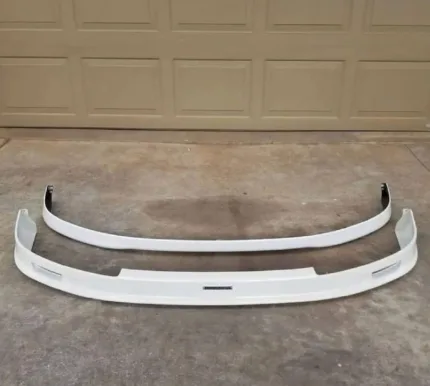 Honda civic EK9 front and rear lip spoiler still in perfect shape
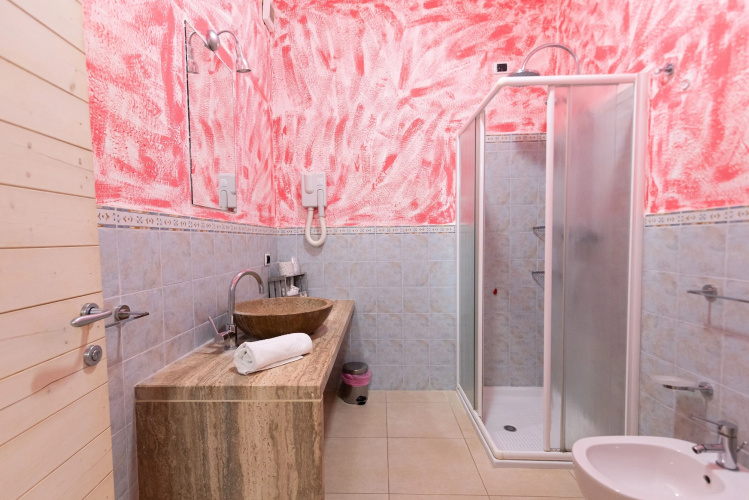 Bed & Breakfast B&B Tenuta Barone photo 9
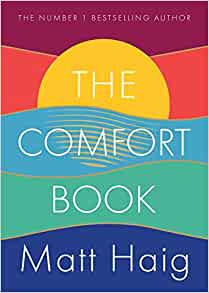 The Comfort Book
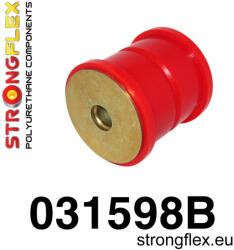  031598B: Rear diff front mounting bush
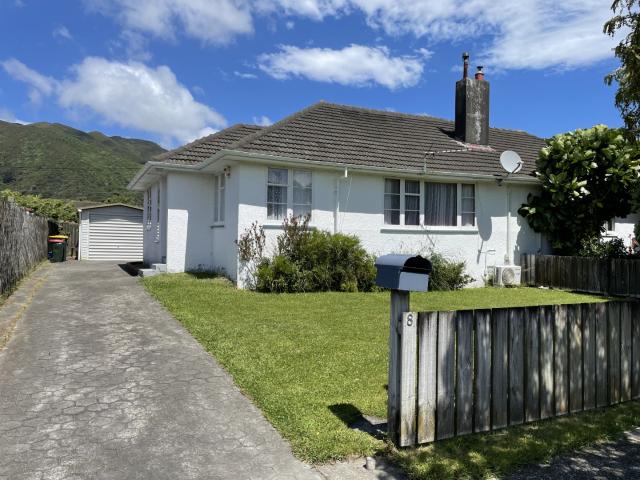 House for rent in Waiwhetū, Lower Hutt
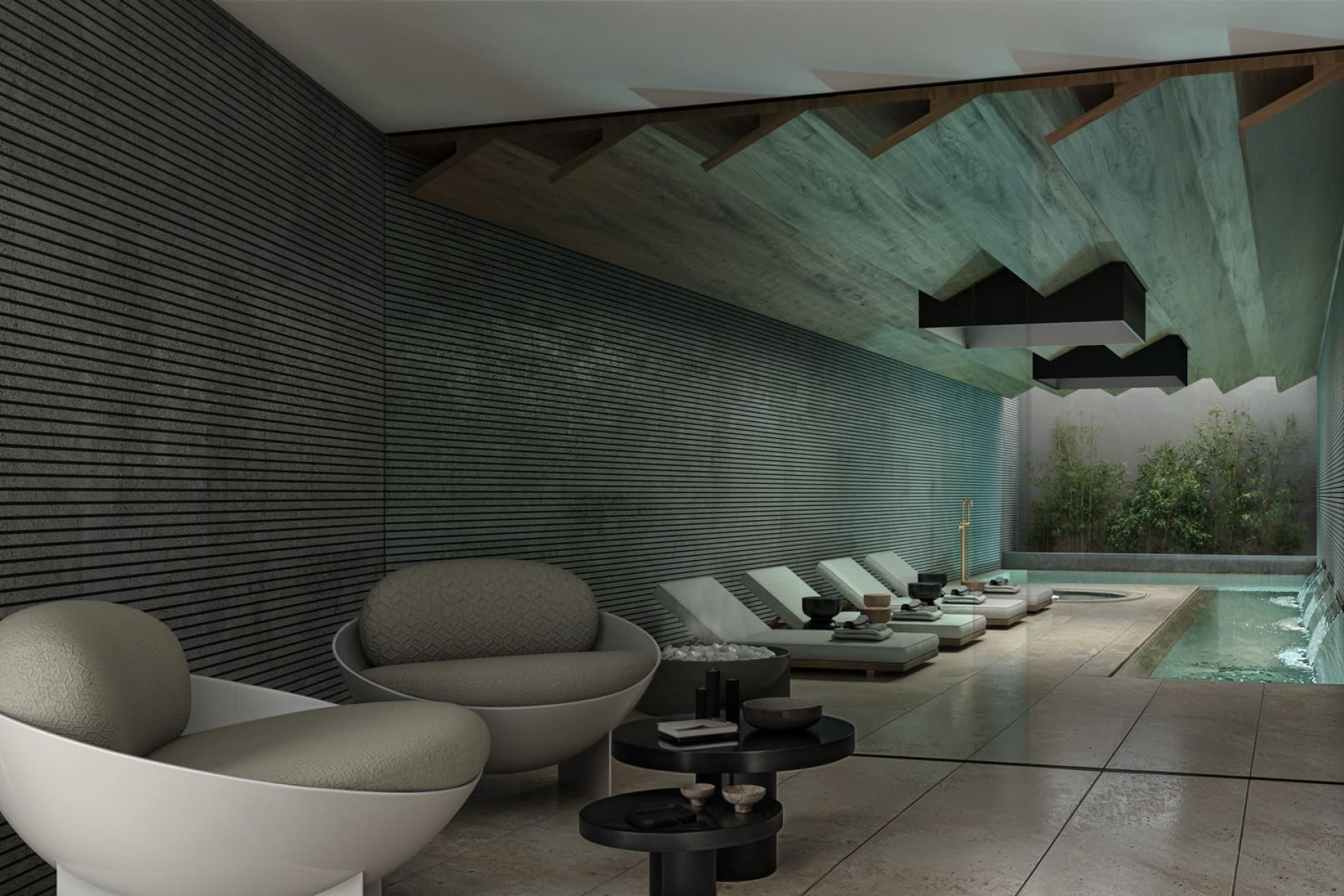 Nowy budynek - ground-floor - Estepona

Work required
Repeat the entries verbatim; no pictures.

Output of the exercise
 Honda civic EK9 front and rear lip spoiler still in perfect shape
 Bed & Breakfast B&B Tenuta Barone photo 9
 The Comfort Book
  031598B: Rear diff front mounting bush
 House for rent in Waiwhetū, Lower Hutt
 Nowy budynek - ground-floor - Estepona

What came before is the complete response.